WORK TASK
Set down exactly, from the records below, the line with "TV Record - Hoje em Dia" through the line with "Brewster Home Fashions", and nothing else.
┄┄┄┄┄┄┄┄┄┄┄┄┄┄┄┄┄┄┄┄
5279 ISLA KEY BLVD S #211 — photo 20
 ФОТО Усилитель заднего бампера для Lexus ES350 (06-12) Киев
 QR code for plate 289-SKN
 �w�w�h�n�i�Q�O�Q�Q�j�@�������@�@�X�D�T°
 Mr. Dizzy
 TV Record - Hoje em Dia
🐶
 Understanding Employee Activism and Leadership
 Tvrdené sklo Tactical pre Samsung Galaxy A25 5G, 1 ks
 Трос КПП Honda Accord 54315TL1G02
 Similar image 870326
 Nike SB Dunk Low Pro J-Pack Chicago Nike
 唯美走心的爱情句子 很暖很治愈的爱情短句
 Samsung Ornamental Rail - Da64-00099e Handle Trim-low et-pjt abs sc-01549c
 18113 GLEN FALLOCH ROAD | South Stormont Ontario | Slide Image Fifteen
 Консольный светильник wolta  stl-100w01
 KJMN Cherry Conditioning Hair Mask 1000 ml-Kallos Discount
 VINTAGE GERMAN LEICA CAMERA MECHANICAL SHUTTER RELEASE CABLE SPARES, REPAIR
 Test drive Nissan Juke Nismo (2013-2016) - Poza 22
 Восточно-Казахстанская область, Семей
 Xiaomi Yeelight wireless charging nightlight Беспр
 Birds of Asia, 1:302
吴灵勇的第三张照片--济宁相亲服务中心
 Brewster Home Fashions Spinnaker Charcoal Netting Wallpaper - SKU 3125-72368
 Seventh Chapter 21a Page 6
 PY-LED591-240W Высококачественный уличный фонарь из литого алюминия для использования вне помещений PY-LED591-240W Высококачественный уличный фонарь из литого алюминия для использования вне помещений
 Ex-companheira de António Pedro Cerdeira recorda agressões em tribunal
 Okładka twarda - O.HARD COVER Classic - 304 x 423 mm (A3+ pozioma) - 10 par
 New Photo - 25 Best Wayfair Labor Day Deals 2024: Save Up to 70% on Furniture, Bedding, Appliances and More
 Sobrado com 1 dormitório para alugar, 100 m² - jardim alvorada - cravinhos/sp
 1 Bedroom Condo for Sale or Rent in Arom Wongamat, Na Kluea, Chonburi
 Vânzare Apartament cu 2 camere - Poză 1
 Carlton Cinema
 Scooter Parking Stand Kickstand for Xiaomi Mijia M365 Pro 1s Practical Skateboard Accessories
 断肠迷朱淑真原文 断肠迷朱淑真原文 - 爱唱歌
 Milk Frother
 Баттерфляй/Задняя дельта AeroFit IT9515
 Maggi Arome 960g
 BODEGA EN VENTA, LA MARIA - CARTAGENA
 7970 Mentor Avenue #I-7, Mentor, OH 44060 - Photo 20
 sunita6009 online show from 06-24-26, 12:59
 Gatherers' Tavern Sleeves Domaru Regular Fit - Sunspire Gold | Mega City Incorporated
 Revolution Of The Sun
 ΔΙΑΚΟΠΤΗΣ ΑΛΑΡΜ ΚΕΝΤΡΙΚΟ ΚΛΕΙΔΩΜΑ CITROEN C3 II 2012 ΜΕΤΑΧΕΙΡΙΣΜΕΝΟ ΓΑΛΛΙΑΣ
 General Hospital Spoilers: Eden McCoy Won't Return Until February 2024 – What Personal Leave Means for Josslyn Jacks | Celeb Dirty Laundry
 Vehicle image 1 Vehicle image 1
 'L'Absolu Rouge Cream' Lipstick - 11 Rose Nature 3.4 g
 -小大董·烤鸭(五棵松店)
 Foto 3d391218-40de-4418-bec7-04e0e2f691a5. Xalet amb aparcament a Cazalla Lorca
┄┄┄┄┄┄┄┄┄┄┄┄┄┄┄┄┄┄┄┄
COMPLETED TASK
 TV Record - Hoje em Dia
🐶
 Understanding Employee Activism and Leadership
 Tvrdené sklo Tactical pre Samsung Galaxy A25 5G, 1 ks
 Трос КПП Honda Accord 54315TL1G02
 Similar image 870326
 Nike SB Dunk Low Pro J-Pack Chicago Nike
 唯美走心的爱情句子 很暖很治愈的爱情短句
 Samsung Ornamental Rail - Da64-00099e Handle Trim-low et-pjt abs sc-01549c
 18113 GLEN FALLOCH ROAD | South Stormont Ontario | Slide Image Fifteen
 Консольный светильник wolta  stl-100w01
 KJMN Cherry Conditioning Hair Mask 1000 ml-Kallos Discount
 VINTAGE GERMAN LEICA CAMERA MECHANICAL SHUTTER RELEASE CABLE SPARES, REPAIR
 Test drive Nissan Juke Nismo (2013-2016) - Poza 22
 Восточно-Казахстанская область, Семей
 Xiaomi Yeelight wireless charging nightlight Беспр
 Birds of Asia, 1:302
吴灵勇的第三张照片--济宁相亲服务中心
 Brewster Home Fashions Spinnaker Charcoal Netting Wallpaper - SKU 3125-72368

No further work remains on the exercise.